TASK ITEM: Records follow. Print exactly the lines from the one that has "Welcome everyone. Today" through the one that has "But when we", inclusive, and omit the pictures.
>>>
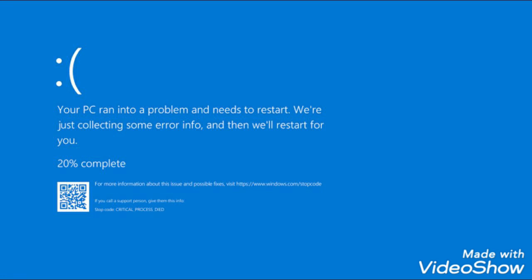Blue screen of death, more like no screen of death. Oh my god, this error sucks.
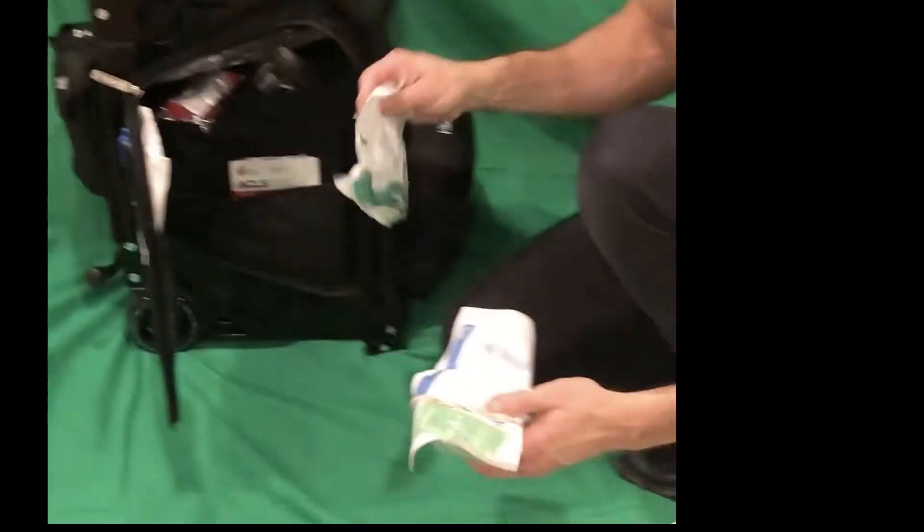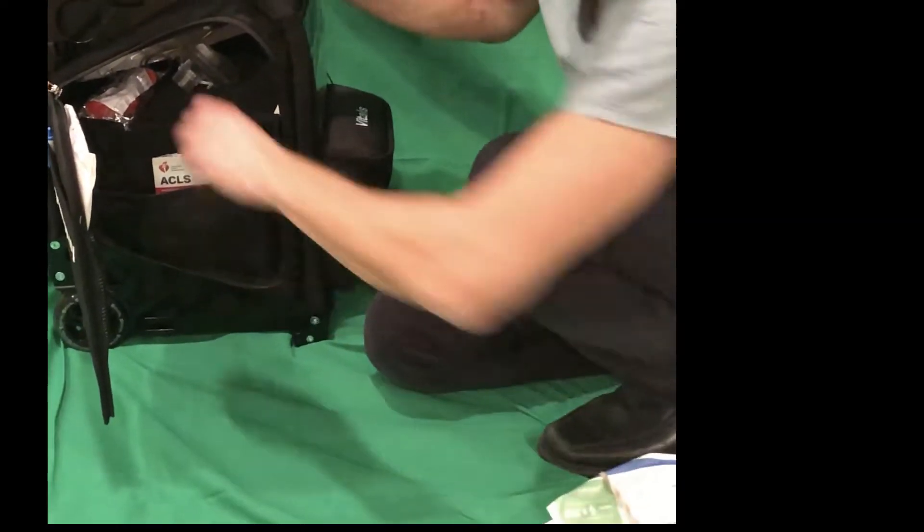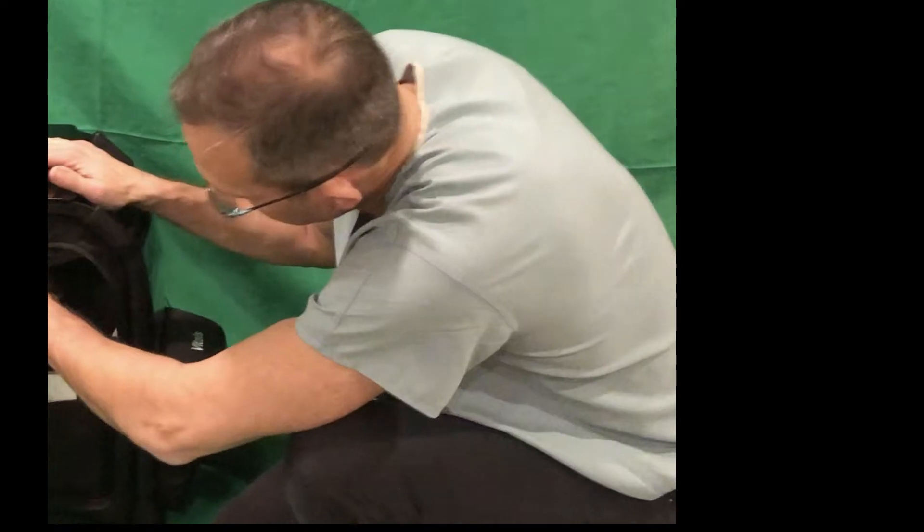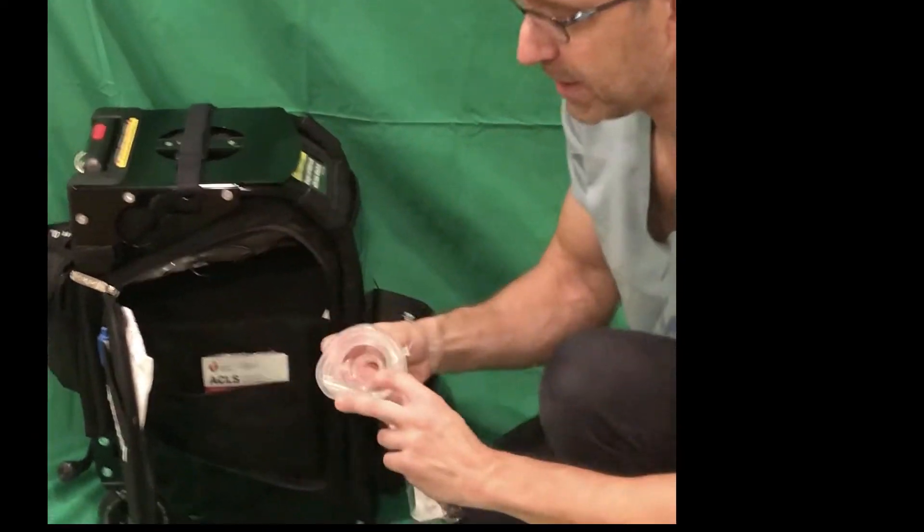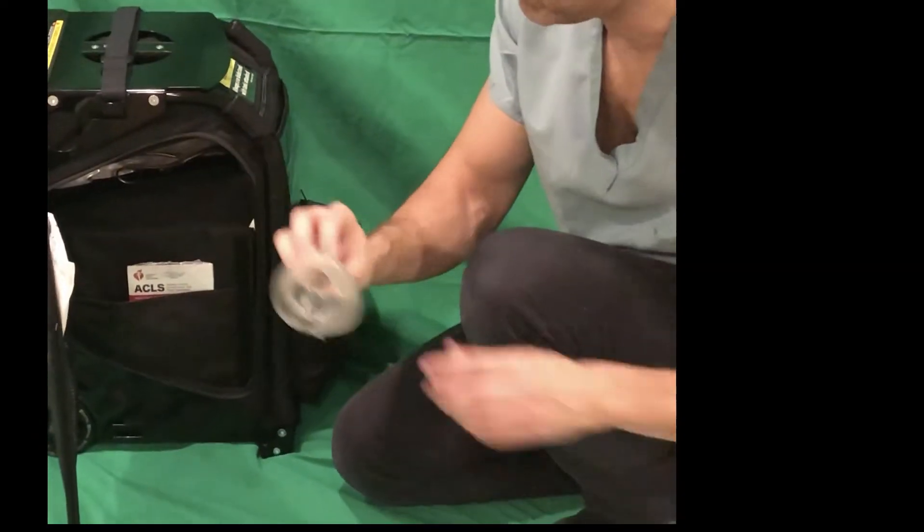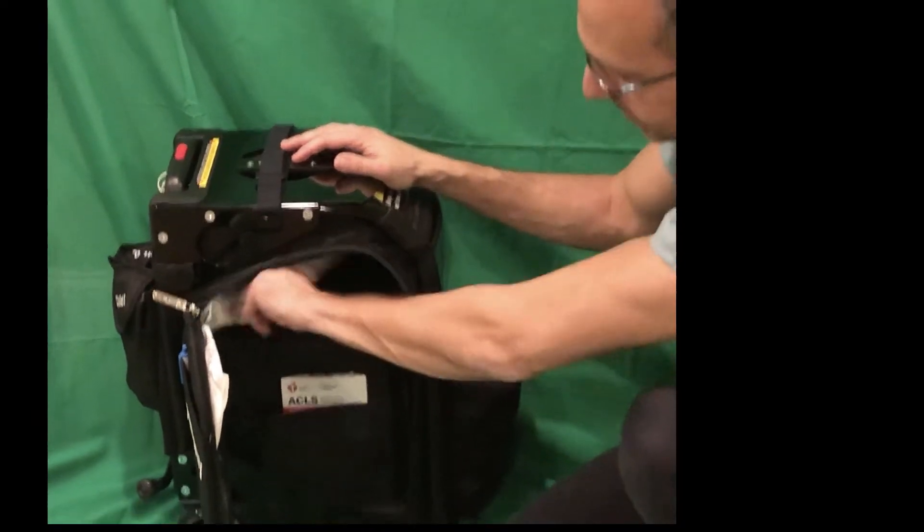There are other LMA sizes available. There is also a smaller pediatric mask if we are trying to ventilate for a pediatric patient.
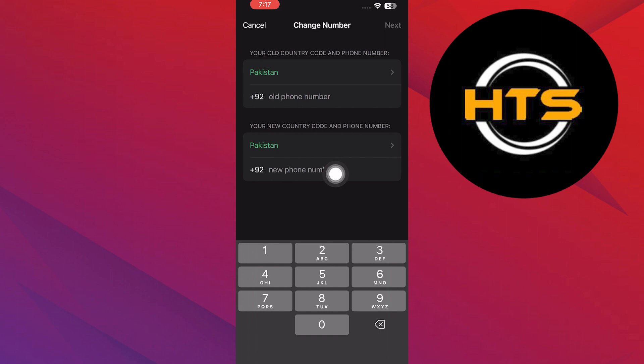Add your new number on the screen and tap on Next to start the verification process.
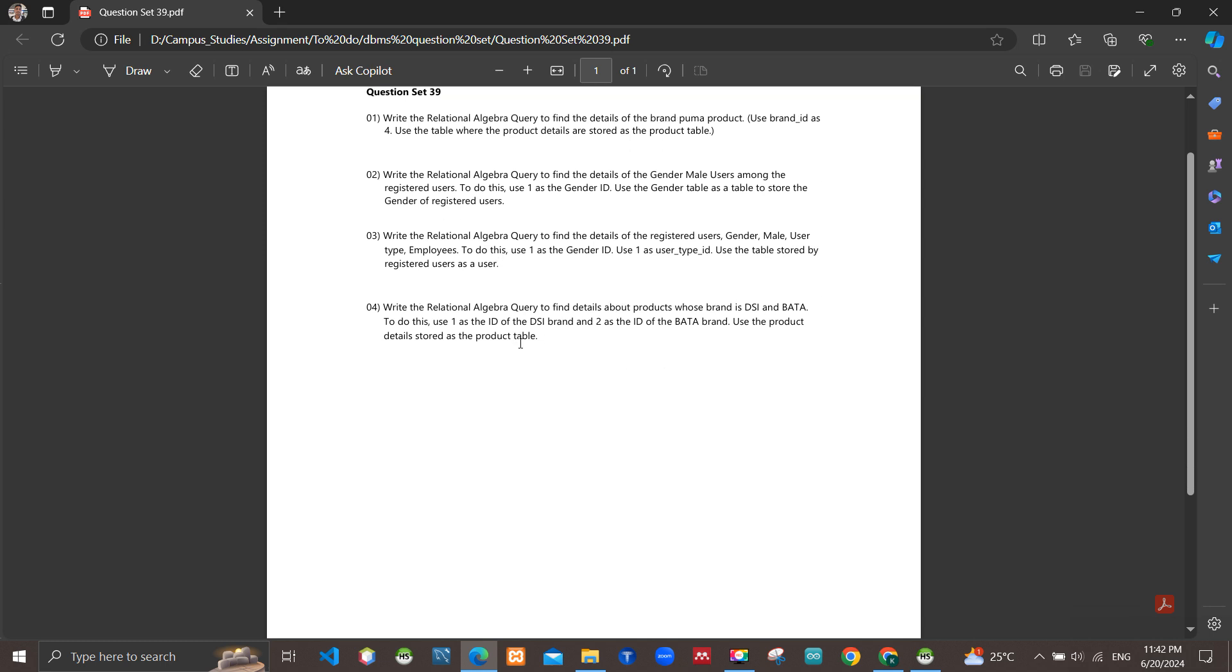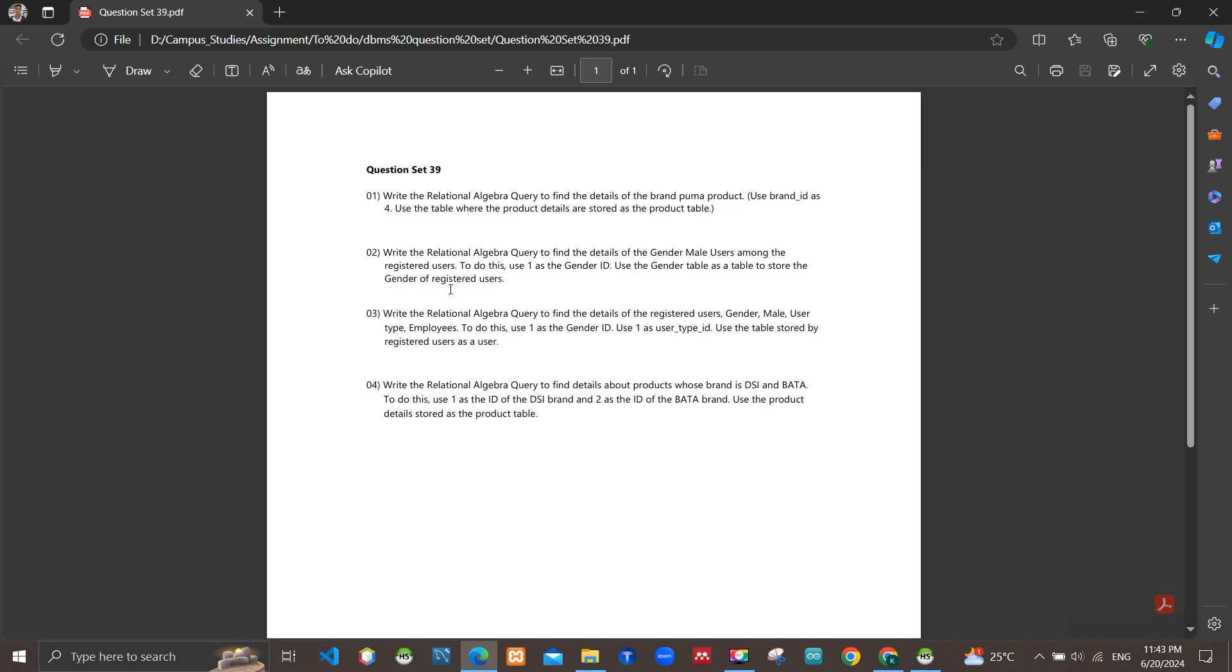...requirement: write the relational algebra query to find the details of the products whose brand is DSI and Bata. To do this, use 1 as the ID of the DSI brand and 2 as the ID of the Bata brand. Use the product details stored in the product table. Okay, let's go to write this.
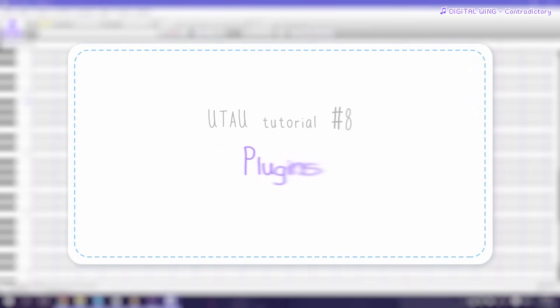Hey, welcome back! In this tutorial I'll be showing you what plugins are, how to install them and how to use some of them.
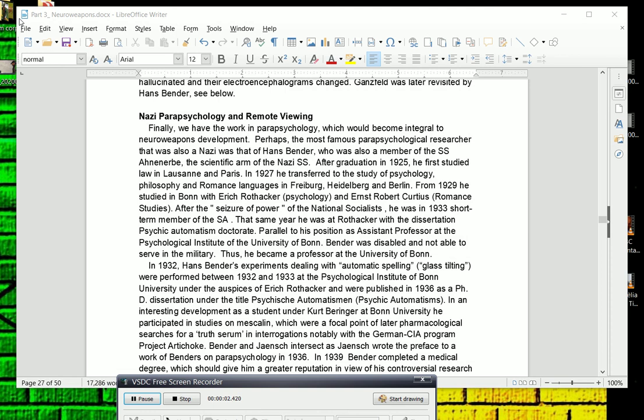So, continuing with Chapter 3, in this chapter we're actually going to talk about some early Nazi parapsychological research, specifically touching on one topic, which is remote viewing.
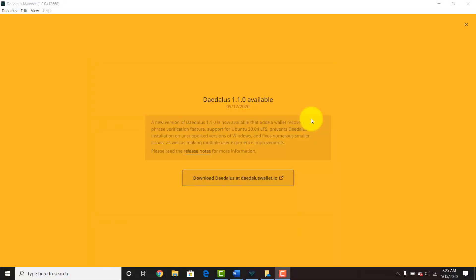Welcome everyone. Today I wanted to do a quick video showing you how to update your Daedalus mainnet version. The Daedalus mainnet version will be the official version that you'll be using to stake during the mainnet.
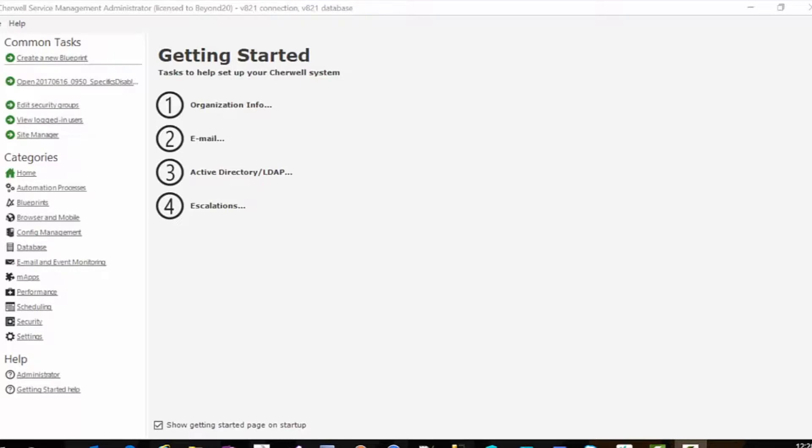But when we receive those CIs we want to create records and you know it's going to be tedious to go in and update each individual record.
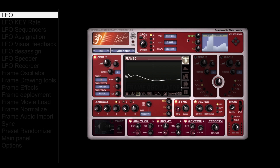The LFO section is on the top of the plugin. It contains 5 LFOs, named from letter A to E. You can select them by clicking on them. You can also exchange LFOs by drag and drop from the LFO selectors.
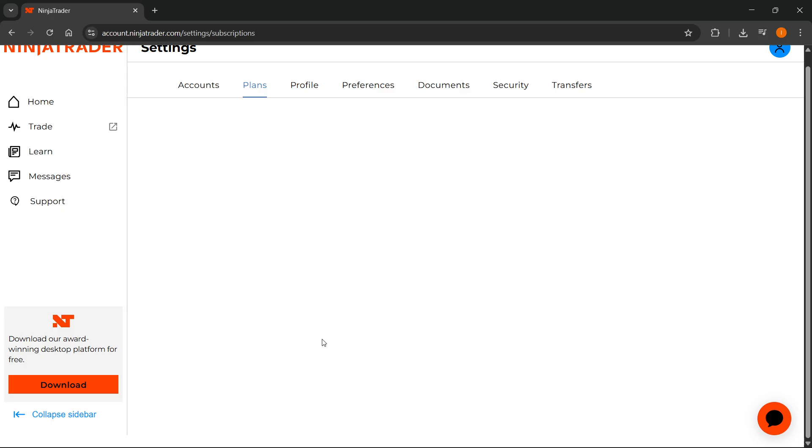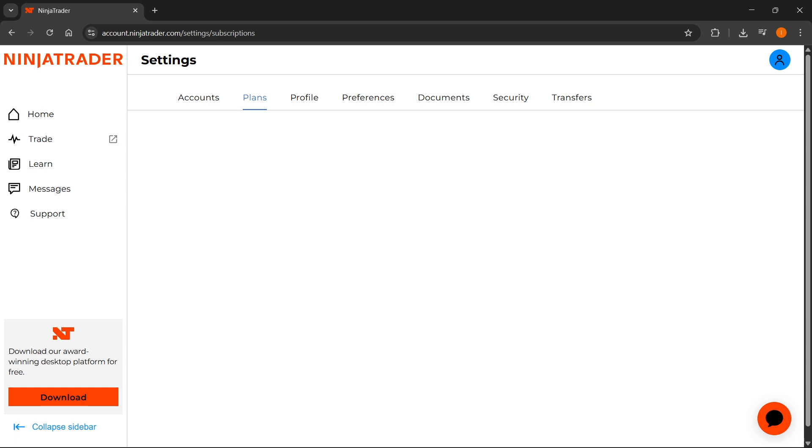Then click on the subscribe button, and you'll be able to subscribe to one of the live data plans. So that's how you can do this. And if you would like to get some more information regarding this, you can get this info on their website as well.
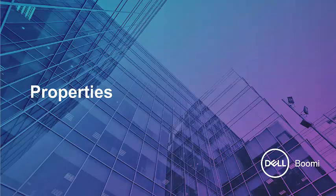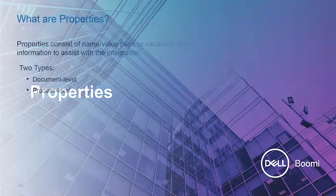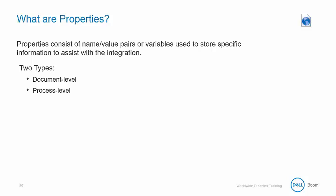Now we turn to a discussion of properties which allows a developer to define variables. Properties can be document level or process level.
<<<
SOLUTION TO THIS TASK:
Welcome everyone. Today I wanted to do a quick video showing you how to update your Daedalus mainnet version. The Daedalus mainnet version will be the official version that you'll be using to stake during the mainnet.
But when we receive those CIs we want to create records and you know it's going to be tedious to go in and update each individual record.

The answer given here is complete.